Akins particularly featured a bunch of up and down moments. Midway through the first half, there was a beautiful drive from the wing in transition that ended in a flying dunk. Then there were back to back transition opportunities botched by Akins. Then a pull up jumper in transition that was fantastic. He’s got all the skills to thrill in transition, but the game still hasn’t fully come together this year.
The rest of the team felt the same. Even when pushing the ball, a number of open alley oops (multiple to Carr, one or two to Booker) ended in no points.
A fascinating - and concerning in a way - development was the evidence that Fears looked better pushing the offense in transition then AJ Hoggard.
The youth movement helped fuel a day where MSU dominated in transition. The only tempering issue was the transition defense was helped by Southern Indiana completely failing to convert some open layups. Other teams won’t be as kind to the Spartans.
Coach Izzo was in an interesting situation in this game. Izzo loves to use these tune-up style games to mix and match lineups and experiment with play calls highlighting different players. Coming off the loss to James Madison, and seeing the offense start slow again, meant the game felt more like Izzo was pushing to find lineups that could get anything done, rather than experimenting casually.
True to Izzo’s word from his outburst in the post game press conference after James Madison the freshman played more. Izzo did not look afraid to bench AJ Hoggard for stretches, giving run to Fears and Holloman.

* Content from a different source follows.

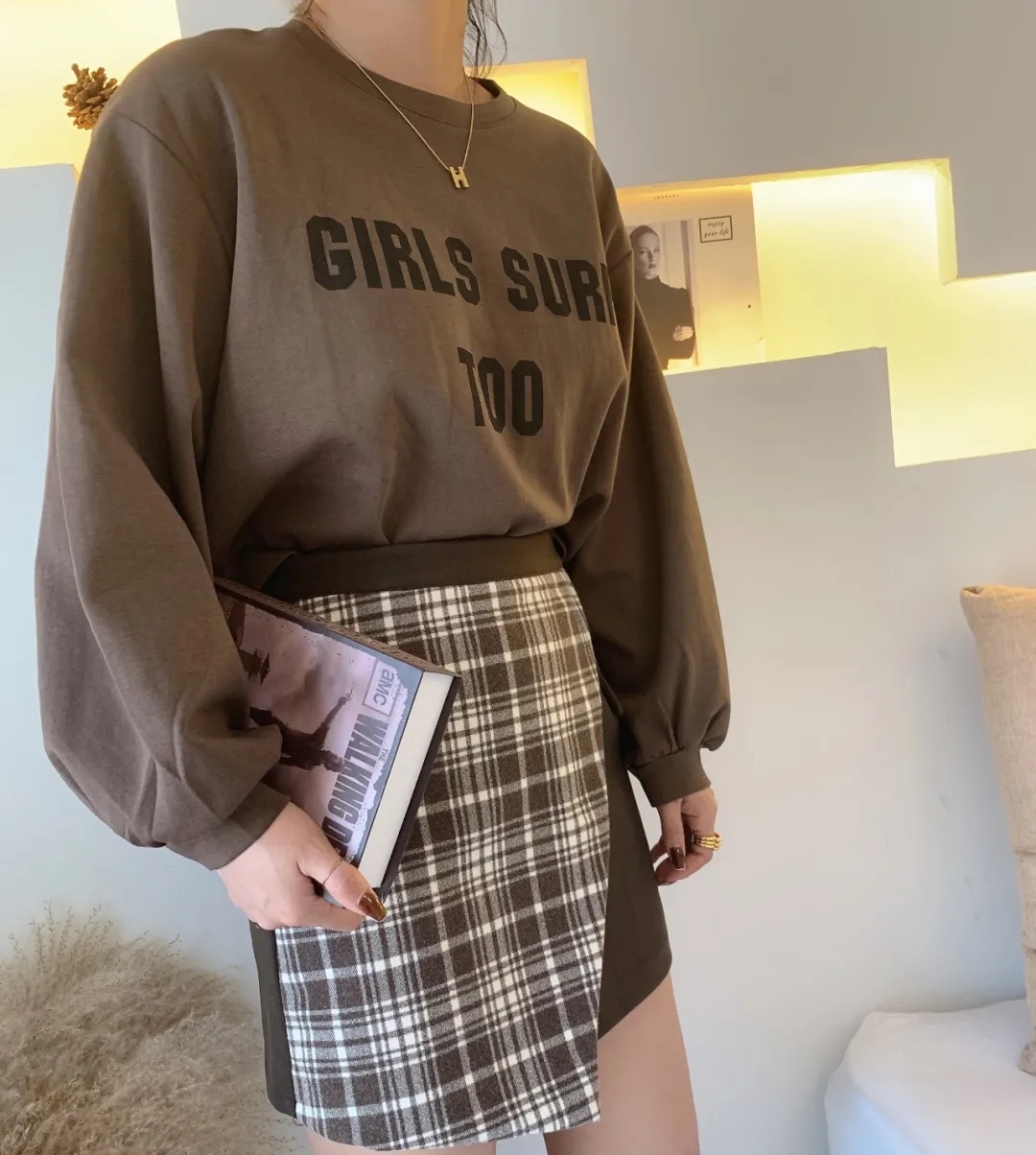 时尚大气好看的女装品牌,2022高档品质新款时尚气质女装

This game saw Booker play significant minutes for the first time. The skills are evident there as are the struggles defensively. Booker will get the fans excited, but there are enough signs of concerns (not boxing out, not setting screens effectively, not seeming like he knows where he should be in offensive sets, etc.) that I’d bet Izzo reduces those minutes against Duke.
Still Izzo has not gotten his veterans (other than Walker) to look great. Akins did start to wake up a bit in this game, and Hall continued to contribute positively while frustrating every viewer with his limitations (he needs to go see a shot doctor - that outside stroke was ugly). Hoggard is struggling.
Izzo’s major contribution in this game was the rotation and it looks like he handled a deep roster full of pieces that do not all clearly fit together yet well. Still, the seeming slow start for the veterans is a concern. Particularly when that slow start displays shortcomings on fundamentals like rebounding.
Yes, it’s harsh to be that rough on Michigan State after a huge numeric victory. The reality is they deserve it. Southern Indiana barely belonged on the same court with MSU based on talent. And yet, they gave MSU trouble in too many ways.
Outside of transition offense, MSU played very poorly. It’s more than bad shooting, it’s a lack of rhythm and cohesion as well as fundamentals.
It’s redundant, but the team is too experienced and too talented to have those types of warts, no matter how early we are in the season.